-
Notifications
You must be signed in to change notification settings - Fork 272
Description
Describe the issue
Hatchet engine assigns a task to an worker that miss a heartbeat due to DEADLINE EXCEEDED.
Hatchet thinks that worker is running this task, but the worker itself doesn't not assign or acknowledge the task as executing.
Environment
- SDK: python 1.17.1
- Engine: Cloud
Expected behavior
Task should be assigned or fail as the heartbeat fails.
Code to Reproduce, Logs, or Screenshots
Relevant workflow description on hatchet cloud:
2025-10-16T16:56:23.218 - Task queued
2025-10-16T16:56:23.230 - Assigned to worker
2025-10-16T17:11:23.711 - Execution timed out (Task exceeded timeout of 15m)
Relevant log on worker:
2025-10-16T16:56:30.206699778Z - [WARNING]\t🪓 -- 2025-10-16 16:56:30,206 - interrupted read_with_interrupt task of action listener
debug_error_string = \"UNKNOWN:Error received from peer {grpc_message:\"Deadline Exceeded\", grpc_status:4, created_time:\"2025-10-16T16:56:30.205401749+00:00\"
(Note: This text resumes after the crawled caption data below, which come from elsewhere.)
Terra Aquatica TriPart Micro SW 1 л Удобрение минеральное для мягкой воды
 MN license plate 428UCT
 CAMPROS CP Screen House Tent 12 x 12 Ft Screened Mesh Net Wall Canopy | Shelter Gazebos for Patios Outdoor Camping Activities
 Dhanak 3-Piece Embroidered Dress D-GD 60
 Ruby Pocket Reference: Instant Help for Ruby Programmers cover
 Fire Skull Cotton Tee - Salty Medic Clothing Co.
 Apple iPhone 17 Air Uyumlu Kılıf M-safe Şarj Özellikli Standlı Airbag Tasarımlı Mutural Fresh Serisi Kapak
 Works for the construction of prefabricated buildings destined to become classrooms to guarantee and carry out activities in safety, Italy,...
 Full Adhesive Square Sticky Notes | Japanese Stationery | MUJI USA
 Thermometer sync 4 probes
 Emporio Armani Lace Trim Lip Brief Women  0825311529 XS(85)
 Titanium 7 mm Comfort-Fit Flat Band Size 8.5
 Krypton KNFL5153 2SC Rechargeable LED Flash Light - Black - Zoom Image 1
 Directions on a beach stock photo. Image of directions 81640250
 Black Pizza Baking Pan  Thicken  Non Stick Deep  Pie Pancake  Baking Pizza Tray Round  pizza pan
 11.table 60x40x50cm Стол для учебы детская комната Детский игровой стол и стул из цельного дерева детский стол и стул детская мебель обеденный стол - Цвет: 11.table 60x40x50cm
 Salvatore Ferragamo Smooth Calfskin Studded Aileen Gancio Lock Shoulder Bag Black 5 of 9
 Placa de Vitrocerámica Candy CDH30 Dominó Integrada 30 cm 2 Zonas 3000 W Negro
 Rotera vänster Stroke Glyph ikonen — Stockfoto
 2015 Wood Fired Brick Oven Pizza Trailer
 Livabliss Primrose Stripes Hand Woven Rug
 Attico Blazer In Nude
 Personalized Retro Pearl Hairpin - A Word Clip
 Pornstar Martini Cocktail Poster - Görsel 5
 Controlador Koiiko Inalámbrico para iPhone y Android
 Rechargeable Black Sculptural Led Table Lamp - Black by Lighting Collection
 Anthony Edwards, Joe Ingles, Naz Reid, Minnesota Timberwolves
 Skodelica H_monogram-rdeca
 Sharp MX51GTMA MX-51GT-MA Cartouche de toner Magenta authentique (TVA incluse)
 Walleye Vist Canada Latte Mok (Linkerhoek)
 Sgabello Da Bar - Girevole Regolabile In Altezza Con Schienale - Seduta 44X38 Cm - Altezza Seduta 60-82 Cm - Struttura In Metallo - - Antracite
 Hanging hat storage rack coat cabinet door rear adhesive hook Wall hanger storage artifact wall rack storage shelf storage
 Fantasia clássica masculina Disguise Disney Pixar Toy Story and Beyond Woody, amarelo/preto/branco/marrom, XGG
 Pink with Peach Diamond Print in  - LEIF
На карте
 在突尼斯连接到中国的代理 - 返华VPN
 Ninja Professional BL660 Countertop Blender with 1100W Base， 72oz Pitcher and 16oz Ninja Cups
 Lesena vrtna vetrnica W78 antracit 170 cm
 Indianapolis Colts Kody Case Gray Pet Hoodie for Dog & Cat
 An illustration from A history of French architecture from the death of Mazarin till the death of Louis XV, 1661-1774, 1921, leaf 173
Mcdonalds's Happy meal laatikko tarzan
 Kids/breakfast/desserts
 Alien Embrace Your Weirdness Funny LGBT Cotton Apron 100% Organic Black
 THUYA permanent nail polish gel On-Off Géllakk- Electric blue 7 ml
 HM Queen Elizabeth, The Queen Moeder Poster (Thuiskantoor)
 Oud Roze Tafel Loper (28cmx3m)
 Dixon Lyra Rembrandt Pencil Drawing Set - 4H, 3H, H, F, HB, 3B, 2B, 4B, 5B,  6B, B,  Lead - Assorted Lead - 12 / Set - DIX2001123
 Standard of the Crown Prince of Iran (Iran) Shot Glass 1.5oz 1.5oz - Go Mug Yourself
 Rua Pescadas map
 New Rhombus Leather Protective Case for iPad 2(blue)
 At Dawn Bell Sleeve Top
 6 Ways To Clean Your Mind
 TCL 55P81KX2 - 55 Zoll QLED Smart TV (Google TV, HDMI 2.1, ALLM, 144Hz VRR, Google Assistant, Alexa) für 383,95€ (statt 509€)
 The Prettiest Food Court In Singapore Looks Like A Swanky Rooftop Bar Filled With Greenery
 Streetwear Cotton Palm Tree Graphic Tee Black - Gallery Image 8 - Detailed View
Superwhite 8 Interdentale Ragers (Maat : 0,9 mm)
details = \"Deadline Exceeded\"
status = StatusCode.DEADLINE_EXCEEDED
grpc.aio._call.AioRpcError: <AioRpcError of RPC that terminated with:
raise _create_rpc_error("}
File \"/app/lib/python3.11/site-packages/grpc/aio/_call.py\", line 327, in __await__
await self.aio_client.Heartbeat(
File \"/app/lib/python3.11/site-packages/hatchet_sdk/clients/dispatcher/action_listener.py\", line 110, in heartbeat
Traceback (most recent call last):
2025-10-16T16:56:30.206659795Z - [ERROR]\t🪓 -- 2025-10-16 16:56:30,205 - failed to send heartbeat
2025-10-16T16:56:23.195498103Z - [INFO]\t🪓 -- 2025-10-16 16:56:23,195 - finished step run: XXXXXXXXXXX
Additional context
It seems that the assigned action’s execution path is never completed because the heartbeat failure triggers an interrupt that prematurely cancels the action listener loop.
When a DEADLINE_EXCEEDED occurs during the Heartbeat() RPC:
- The
heartbeat()coroutine catches the error and callsself.interrupt.set(). - The main
_generator()loop (which is awaitingself.interrupt.wait()) wakes up. - It sees that its
read_with_interrupttask isn’t done yet, so it:- Cancels the read task (
t.cancel()), - Cancels the gRPC listener (
listener.cancel()), - Breaks out of the loop.
- Cancels the read task (
- This stops the action listener coroutine entirely, so the currently assigned action never finishes execution or reports completion.
- Meanwhile, the server still thinks the worker is alive and running the action, since no error or unsubscribe message is sent.
Maybe hatchet should avoid interrupting the listener on transient heartbeat failures.